:: AIM OF THE TASK ::
Please reproduce each line of the data below as it stands.

:: GIVEN INFORMATION ::
+ + + + +
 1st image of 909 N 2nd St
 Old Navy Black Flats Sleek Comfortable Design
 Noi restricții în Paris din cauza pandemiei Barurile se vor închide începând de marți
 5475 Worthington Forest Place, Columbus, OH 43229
+ + + + +
:: THE COMPLETED TASK ::
 1st image of 909 N 2nd St
 Old Navy Black Flats Sleek Comfortable Design
 Noi restricții în Paris din cauza pandemiei Barurile se vor închide începând de marți
 5475 Worthington Forest Place, Columbus, OH 43229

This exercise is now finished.